7.1 Add Two Numbers

7.1.1 Problem Metadata

Platform: LeetCode
Problem ID: 2
Difficulty: Medium
URL: https://leetcode.com/problems/lc-add-two-numbers/
Tags: Blind 75, NeetCode 150
Techniques: Simulation, Linked List

7.1.2 Description

Given two non-empty linked lc-lists representing non-negative integers in reverse order, add the numbers and return the sum as a linked lc-list.

7.1.3 Examples

Input: l1 = [2,4,3], l2 = [5,6,4]
Output: [7,0,8]

7.1.4 Constraints

1 <= len(l1), len(l2) <= 100
Digits stored in reverse order; each node contains a single digit

7.1.5 Solution - Iterative Carry Addition

7.1.5.1 Walkthrough

Use two pointers traversing the lc-lists simultaneously. Maintain a carry.

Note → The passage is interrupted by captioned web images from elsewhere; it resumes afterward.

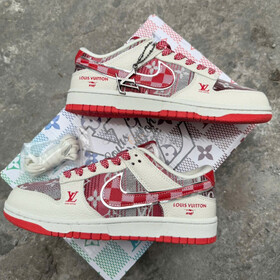 Nike Dunk Low LV Red Beige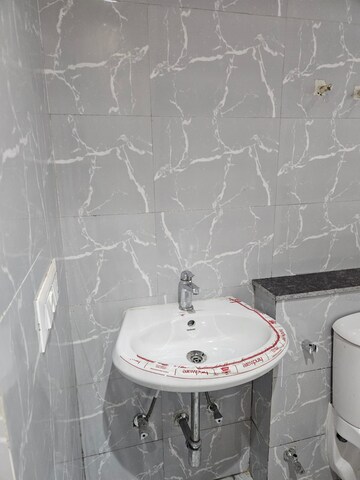 Bathroom in 3 BHK Apartment at Parker White Lily, Sector 8 – for Rent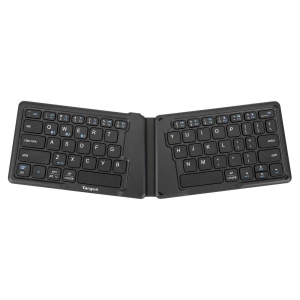 Targus AKF003US toetsenbord RF-draadloos + Bluetooth QWERTY US International Zwart
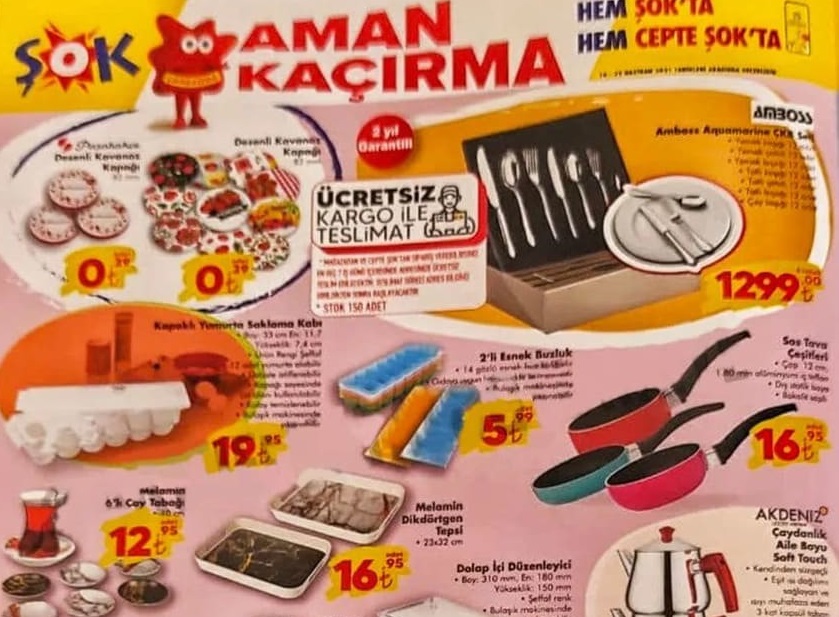 Şok Market 11-17 Haziran 2021 Aktüel İndirimli Ürünler Kataloğu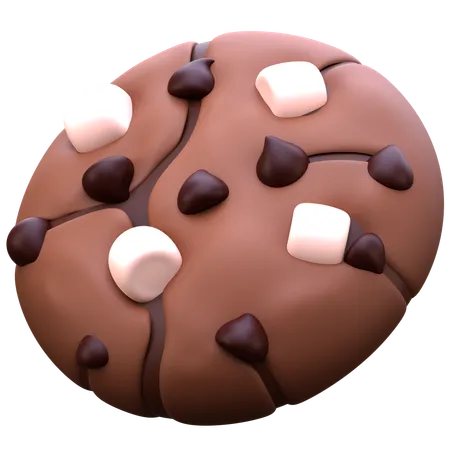 Cookie  3D Icon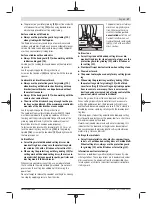 Предварительный просмотр 27 страницы Bosch 0 601 9H6 E01 Original Instructions Manual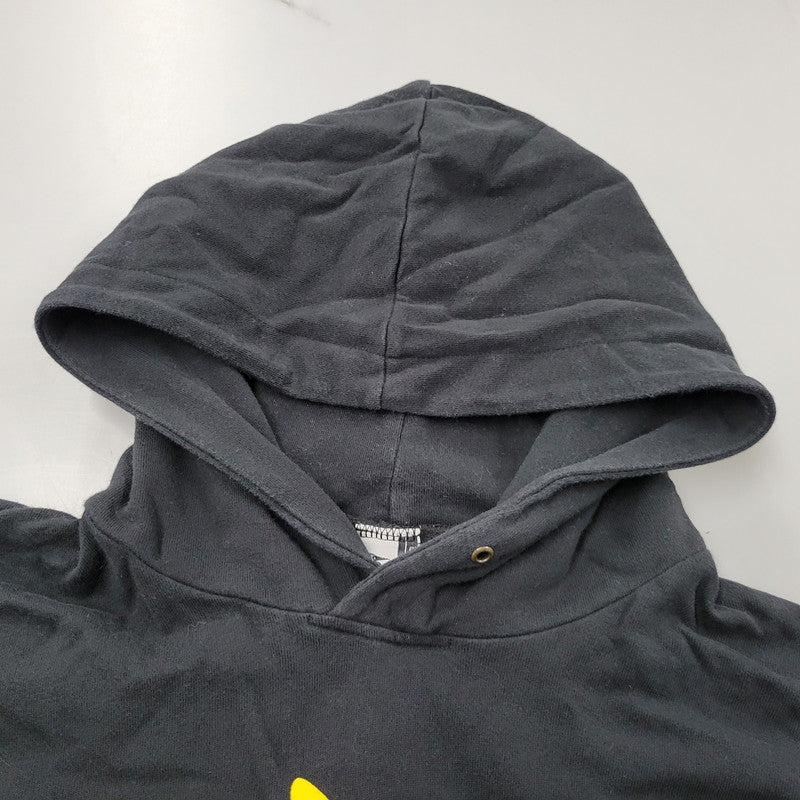 【中古品】【メンズ】 CHUMS×POKEMON チャムス×ポケモン ピカチュウ スウェット パーカー トップス 長袖 144-260509-cs-32-izu サイズ：Ｌ カラー：ブラック 万代Net店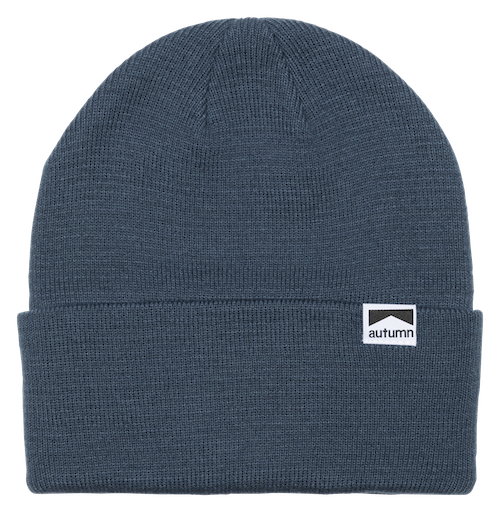Autumn Surplus Beanie In Slate Blue - M I L O S P O R T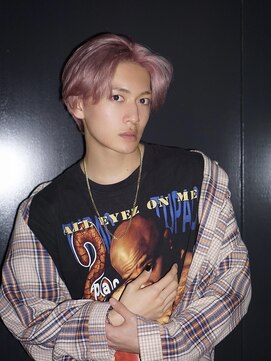 ピコット(P cott) ハイトーンピンクマッシュ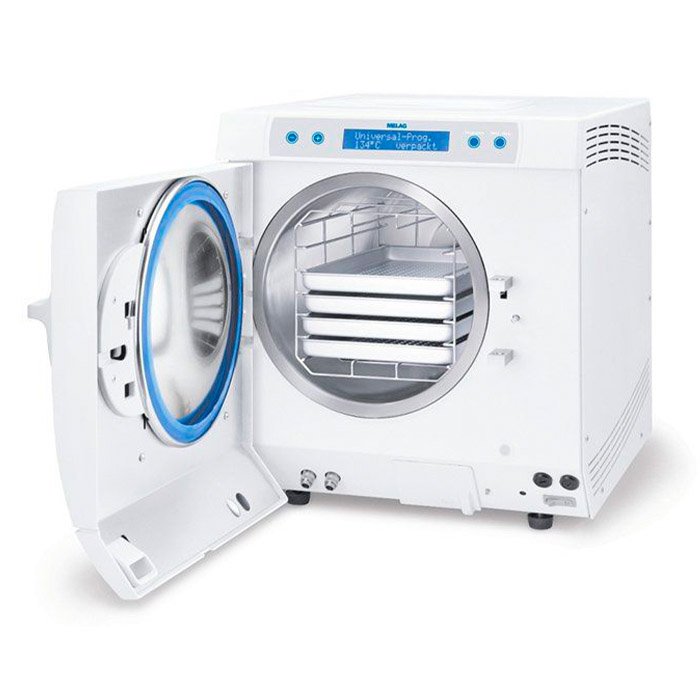 Автоклав паровой Euroklav 23 VS+ Melag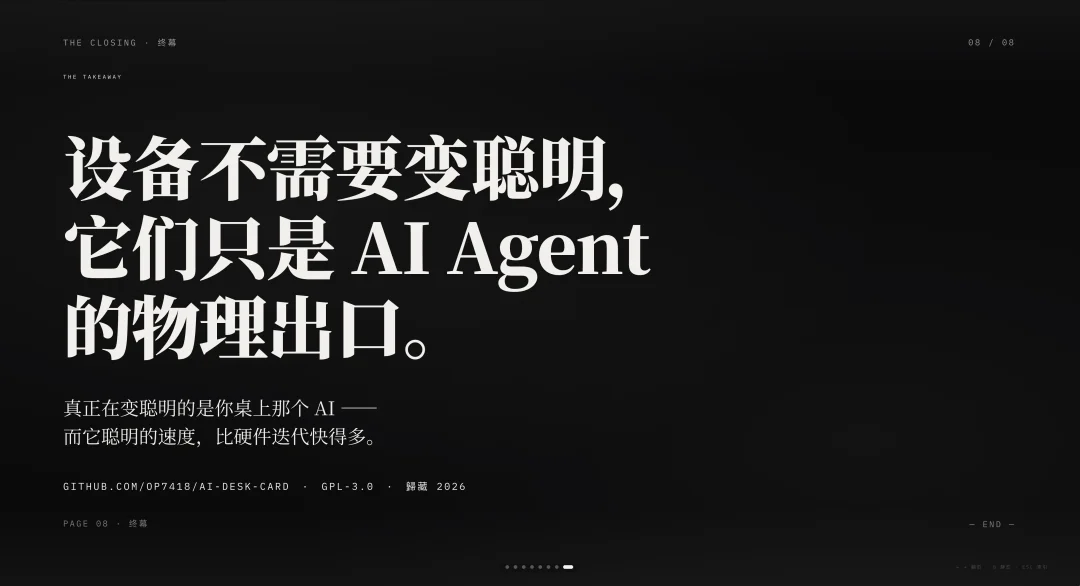 开源一个 Skill,让 AI 接管你屏幕边那张便签纸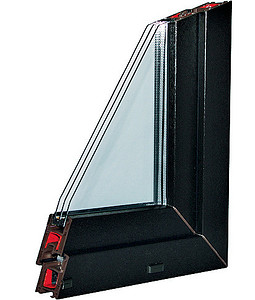 С защитой от перегрева: оконный ПВХ-профиль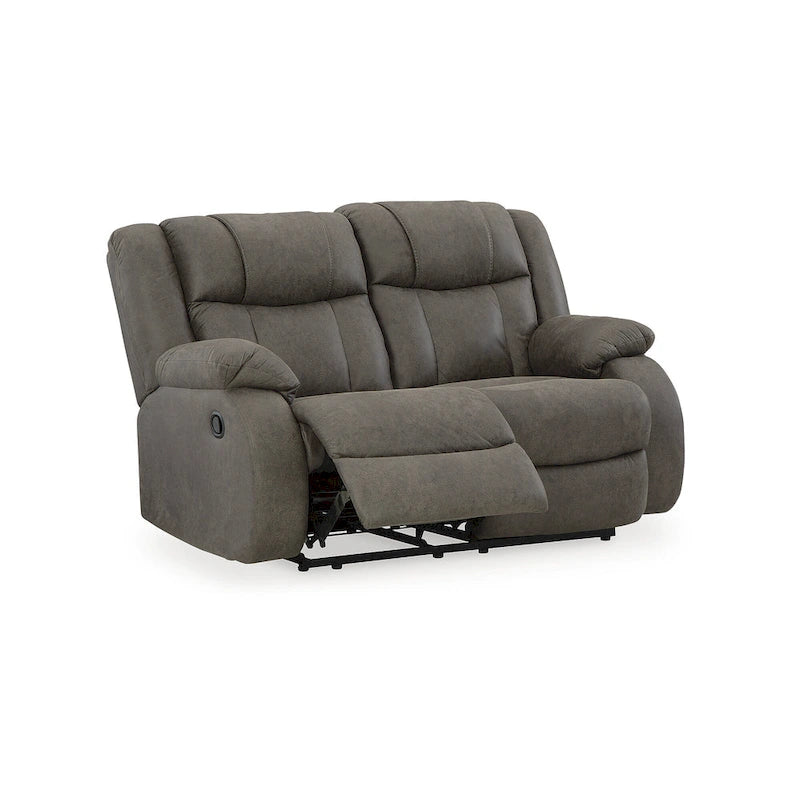 Signature Design by Ashley First Base Gray 3-Piece Upholstery Package - 86W x 40D x 41H 10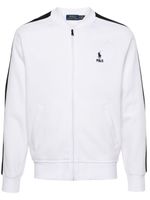 Polo Ralph Lauren sweat à logo brodé - Blanc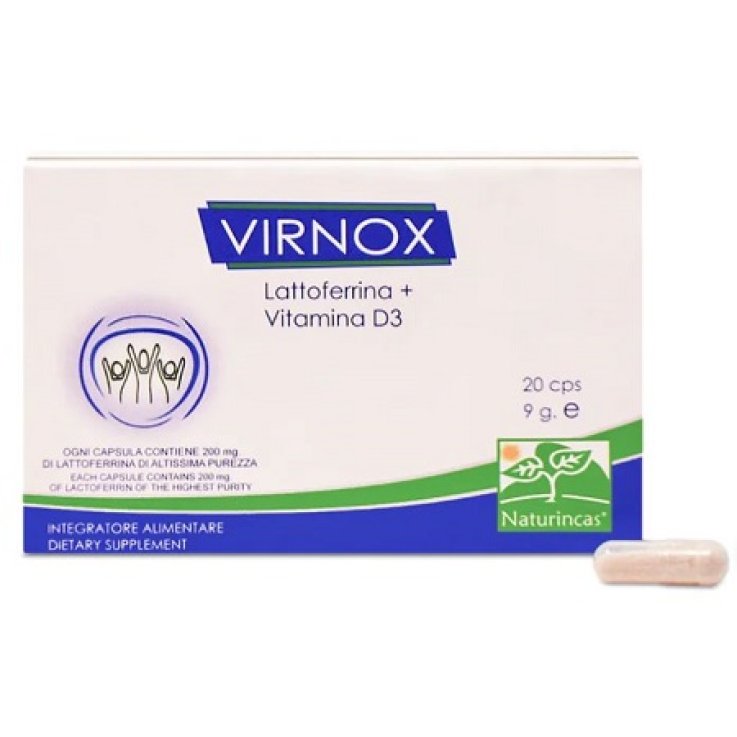 NATURINCAS VIRNOX 20Cps NATURINCAS VIRNOX 20Cps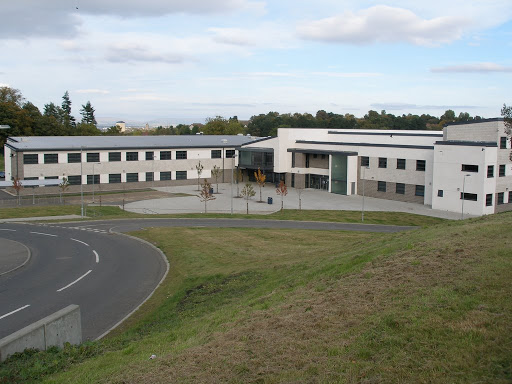 Gleniffer High School Football pitch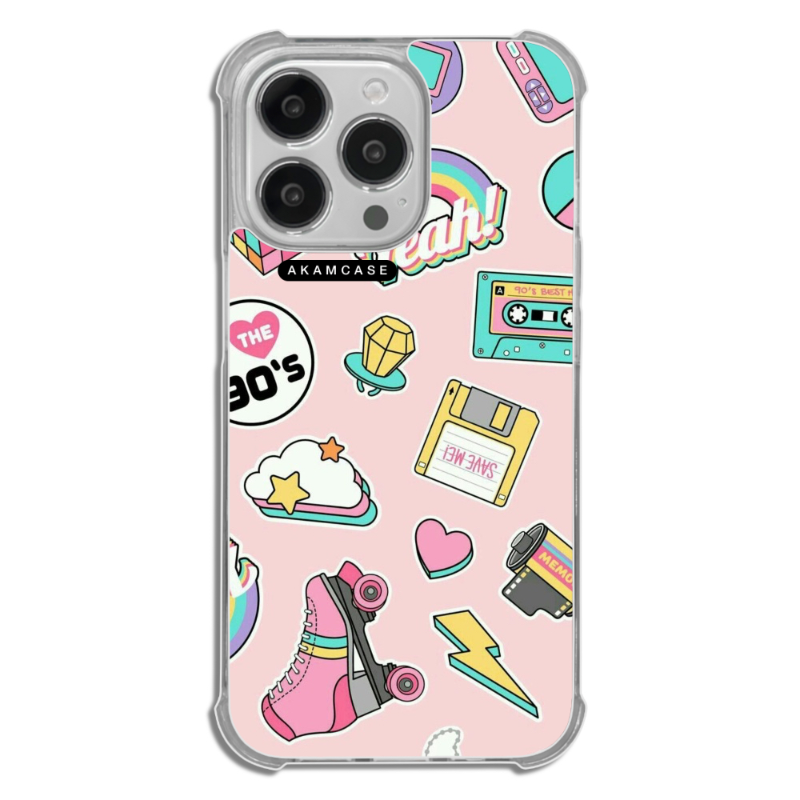کاور گوشی اپل iPhone 13 Pro آکام مدل AMCWTA13PRO-GOOD VIBES5 کاور گوشی اپل iPhone 13 Pro آکام مدل AMCWTA13PRO-GOOD VIBES5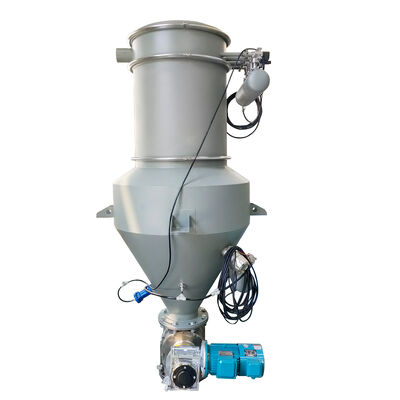 Hệ thống băng tải chân không tự động cho việc nạp và xả liên tục vật liệu dạng hạt trong các quy trình công nghiệp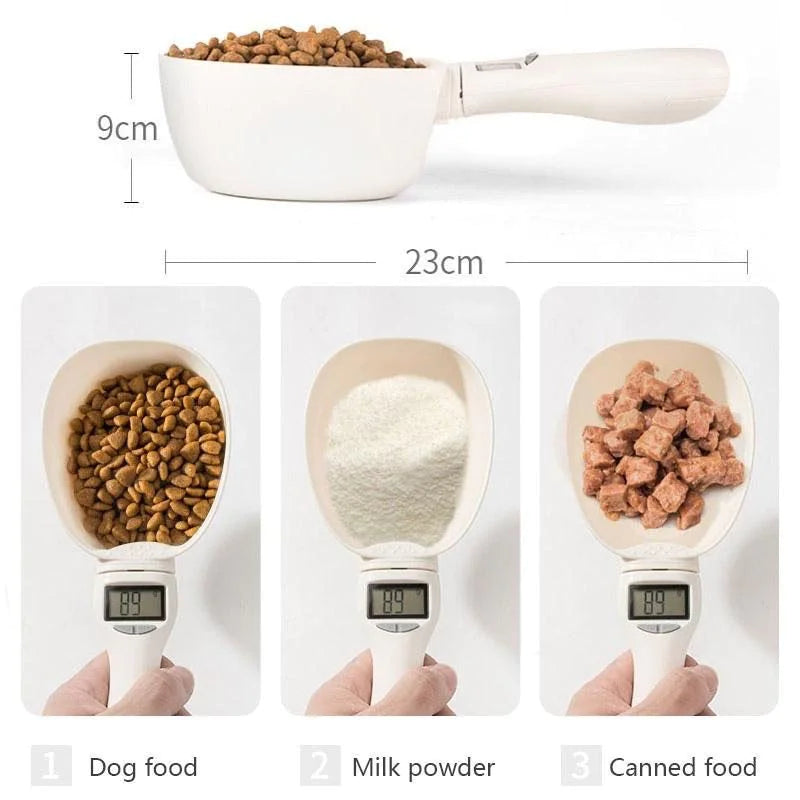 🐾 Digital Pet Food Measuring Spoon — Accurate & Convenient Feeding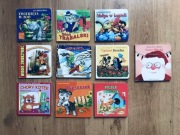 Zestaw książeczek dla dziecka. 10 sztuk.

At each step sum the corresponding digits and carry, append a node with sum % 10, and update carry to sum / 10. Continue until both lc-lists and the carry are exhausted.

7.1.5.2 Analysis

Time Complexity: O(max(m, n))
Space Complexity: O(max(m, n)) for the output lc-list

7.1.5.3 Implementation Steps

Initialize dummy head, tail, and carry = 0.
While l1 or l2 is non-null or carry > 0, compute sum = carry + l1.val + l2.val.
Append new node with sum % 10, set carry = sum / 10, advance pointers.
Return dummy.next.

7.1.5.4 Code - Java

public ListNode addTwoNumbers(ListNode l1, ListNode l2) {
    ListNode dummy = new ListNode(0);
    ListNode tail = dummy;
    int carry = 0;

    while (l1 != null || l2 != null || carry != 0) {
        int sum = carry;
        if (l1 != null) {
            sum += l1.val;
            l1 = l1.next;
        }
        if (l2 != null) {
            sum += l2.val;
            l2 = l2.next;
        }
        carry = sum / 10;
        tail.next = new ListNode(sum % 10);
        tail = tail.next;
    }

    return dummy.next;
}